• Instructions to follow: Once the line holding "Humo Bombon OG (I) Smalls Flower 3.5g" appears, repeat it and each line after it to the end of the data, exactly and with nothing else; pictures stay out.

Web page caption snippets
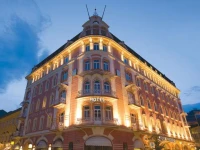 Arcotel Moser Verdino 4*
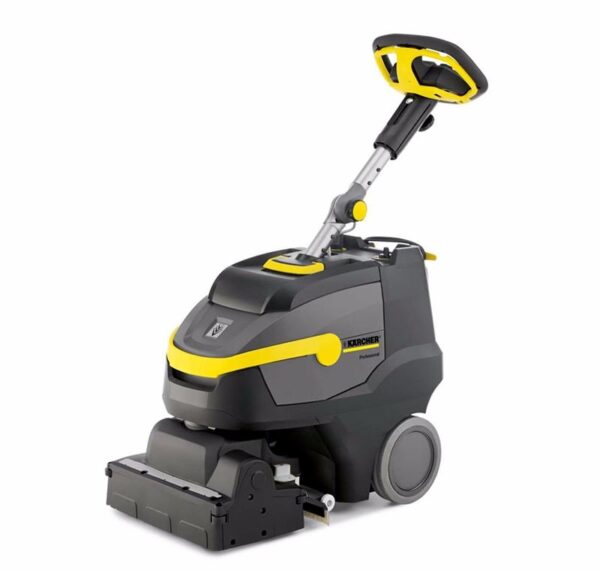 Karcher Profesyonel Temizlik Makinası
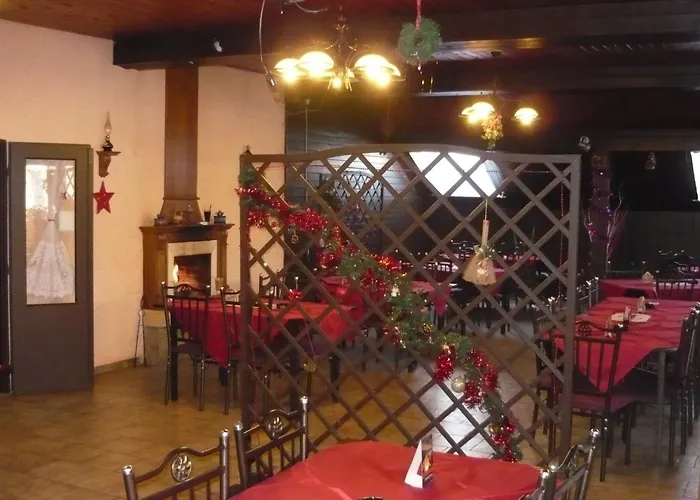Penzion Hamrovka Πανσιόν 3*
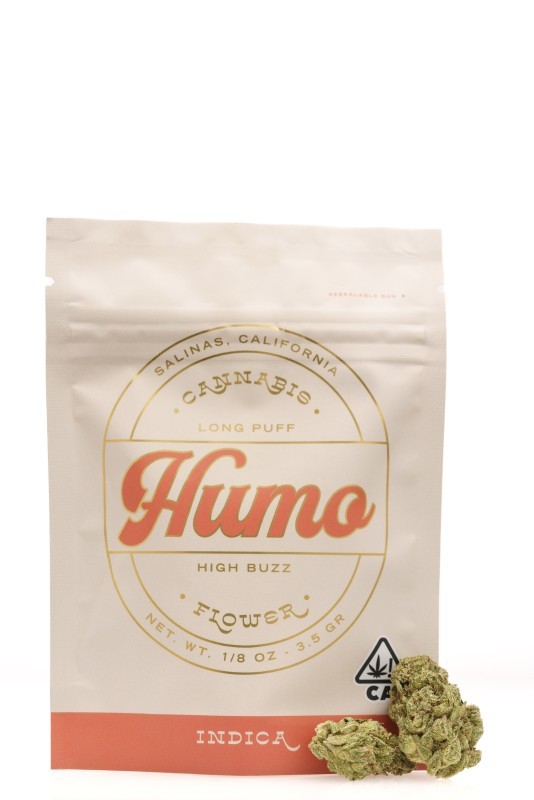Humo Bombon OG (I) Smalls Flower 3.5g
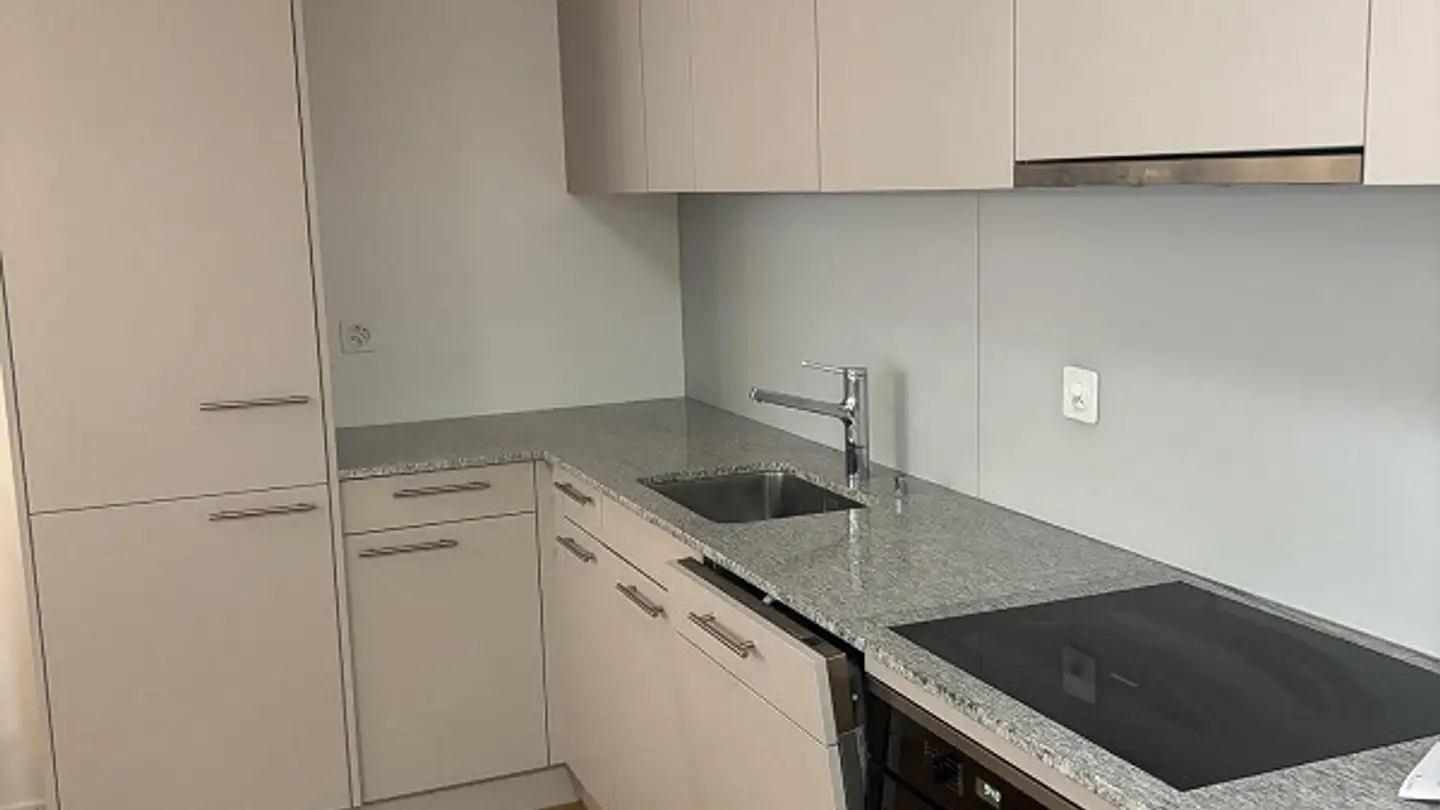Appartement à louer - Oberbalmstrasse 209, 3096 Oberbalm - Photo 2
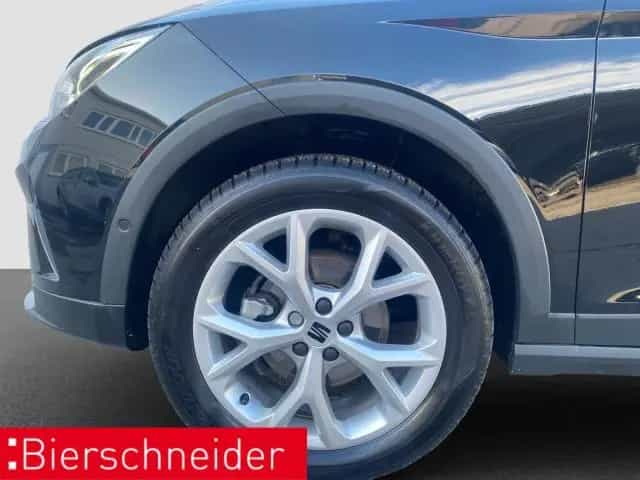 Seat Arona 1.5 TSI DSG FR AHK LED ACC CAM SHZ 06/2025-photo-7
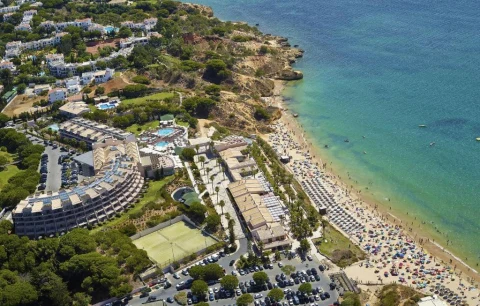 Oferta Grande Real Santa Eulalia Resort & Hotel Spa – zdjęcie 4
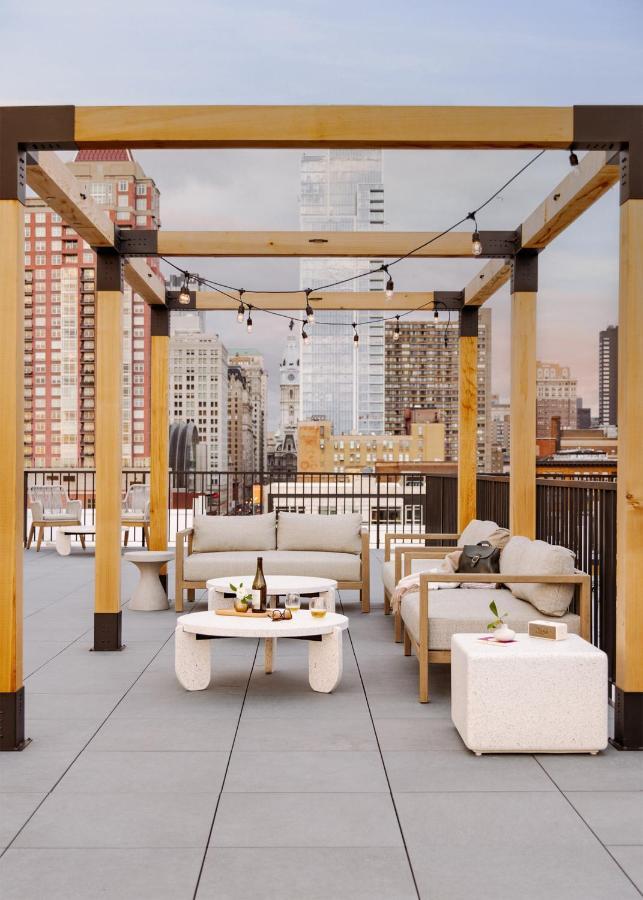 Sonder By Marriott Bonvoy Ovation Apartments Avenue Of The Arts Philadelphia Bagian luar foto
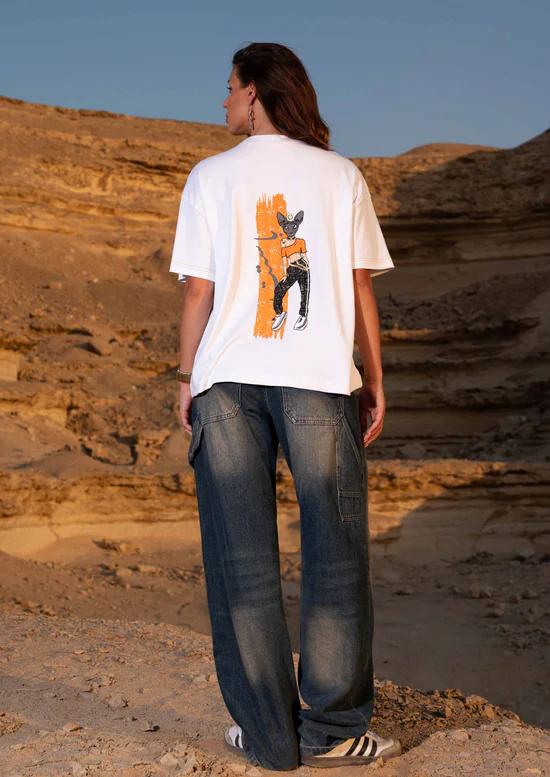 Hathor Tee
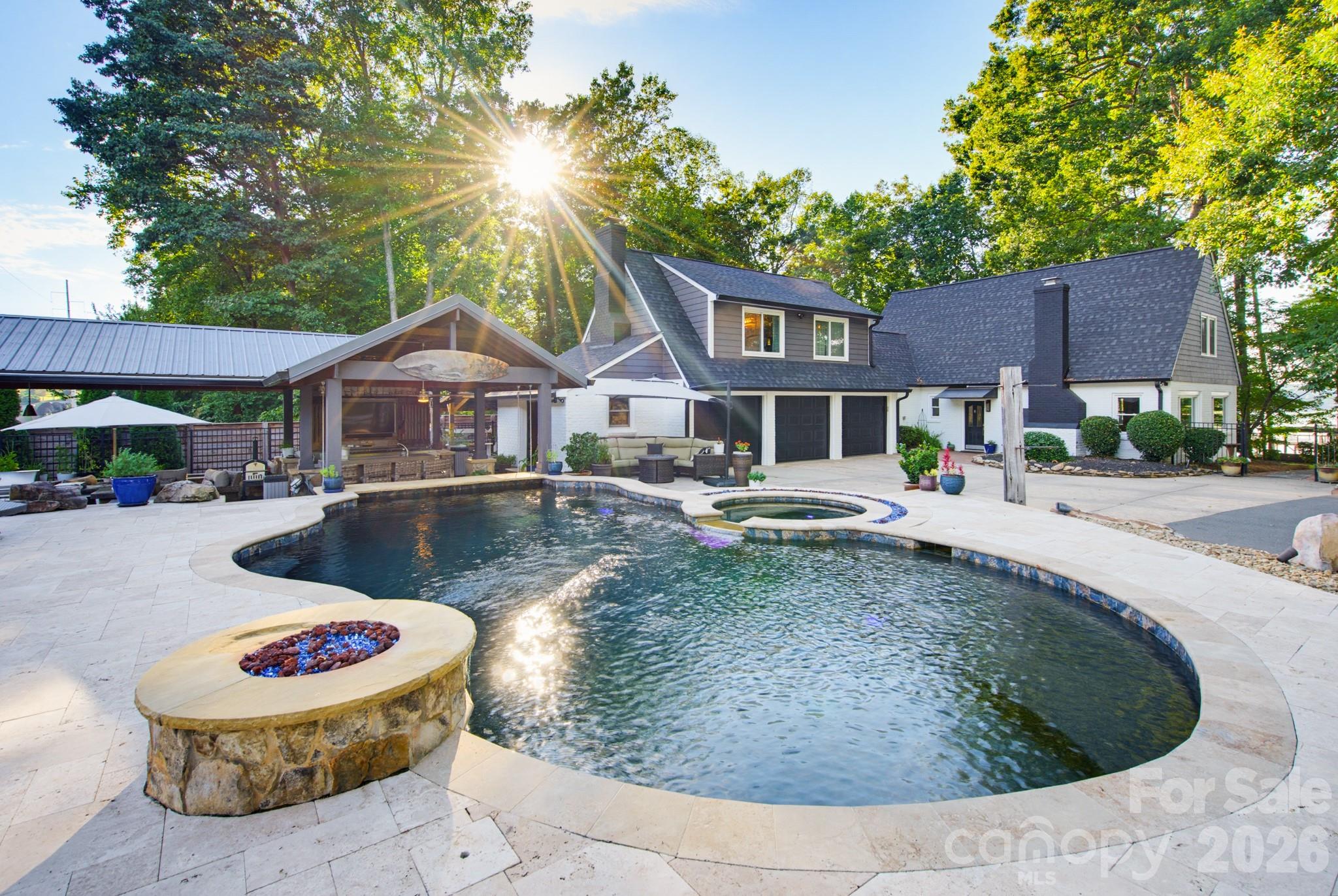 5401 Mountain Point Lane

• Output for this exercise:
Humo Bombon OG (I) Smalls Flower 3.5g
Appartement à louer - Oberbalmstrasse 209, 3096 Oberbalm - Photo 2
 Seat Arona 1.5 TSI DSG FR AHK LED ACC CAM SHZ 06/2025-photo-7
 Oferta Grande Real Santa Eulalia Resort & Hotel Spa – zdjęcie 4
 Sonder By Marriott Bonvoy Ovation Apartments Avenue Of The Arts Philadelphia Bagian luar foto
 Hathor Tee
 5401 Mountain Point Lane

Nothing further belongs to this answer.